More impressively, the episode reveals the alien “Voice Probes,” a series of spherical machines that travel from interior system to interior system, “jumping” on to transparent rods or poles, to perform different functions.  
It is true that these probes are bouncing balls, filmed in reverse, with footage shown in slow-motion, but the concept is so creative and different from anything else in the sci-fi TV Valhalla that one cannot help but be impressed. When coupled with weird sound-effects, the depiction of the alien culture is remarkable.



In some commendable manner, the episode also closely recalls the more desperate Alphans of the first season of  Space: 1999.   
Faced with imminent annihilation, Commander Koenig recognizes “desperation” as his motive, and tries everything -- including a futile show of force (with an Eagle laser) -- to save his people.  
Later, when he realizes he has no cards left to play, Koenig voices his frustration with the aliens, but in an act of defiance and pure humanity, comes to see that “hope is better than despair,” and loyalty (to his people; and they to him) is "better than logic."  It’s a great statement of philosophy, but more than that, a fine example of Koenig’s learning during the episode.  He acts rashly and violently, out of fear, until he realizes, perhaps, that if he and his people are to die, they must do so with their key human qualities -- hope and loyalty -- intact.
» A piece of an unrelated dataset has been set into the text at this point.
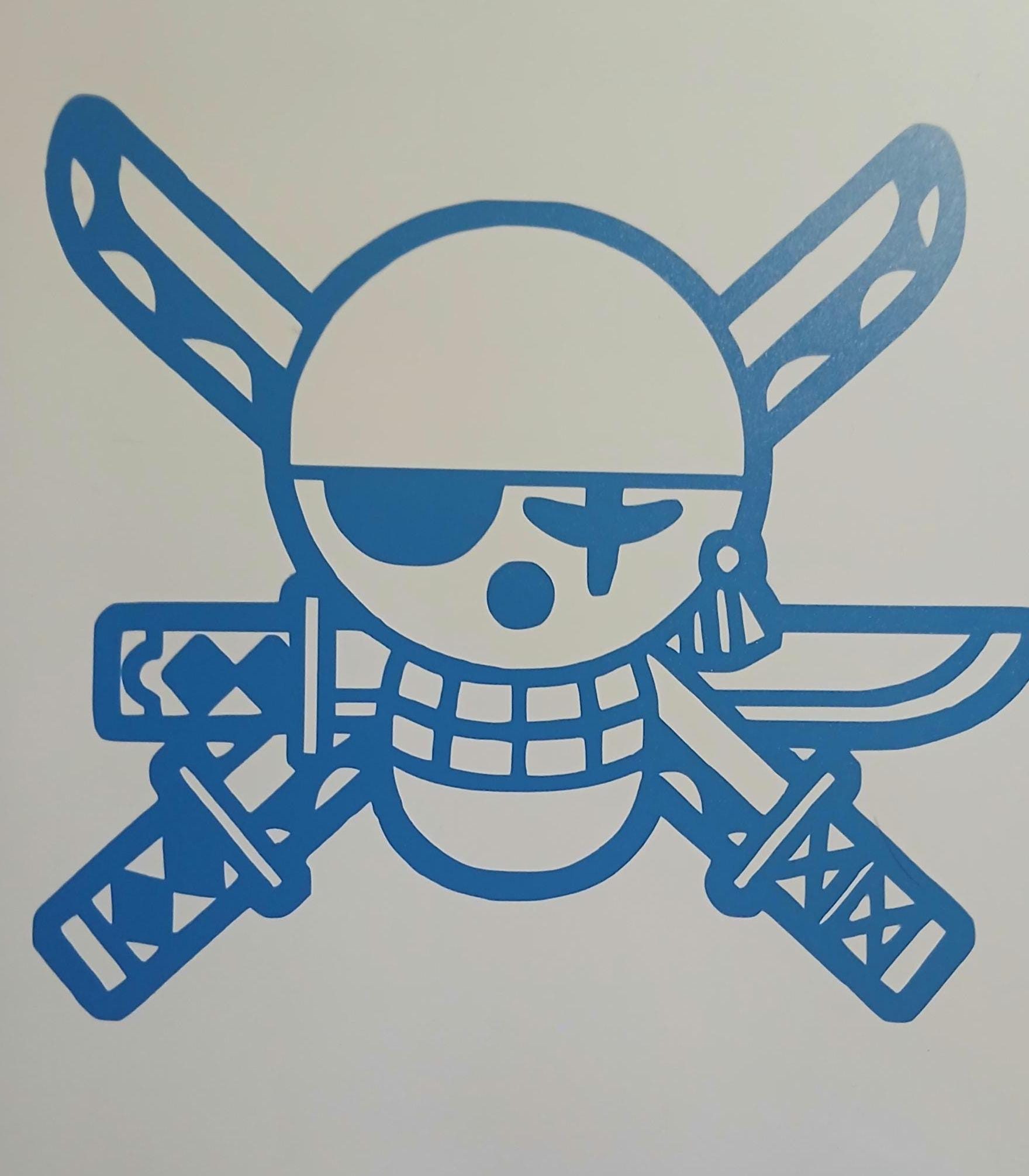 One Piece Zoro Jolly Rogers Bumper Decal ; Window Decal ; Car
When  Space: 1999  aired, it was often accused of being the pessimistic yang to  Star Trek’s  optimistic yin, and it is certainly clear why that was the case. 

But episodes such as “The AB Chrysalis” feature their own unique brand of optimism. That optimism states, simply, that man can find his best -- and be his best -- even in the face of seemingly hopeless odds.  
The Alphans possess no rule-book of principles, no fleet infrastructure, no real resources to fall back. Instead, they must rely on themselves, and each other.  Nowhere in Year Two, one might argue, is that bond more apparent than in this particular installment.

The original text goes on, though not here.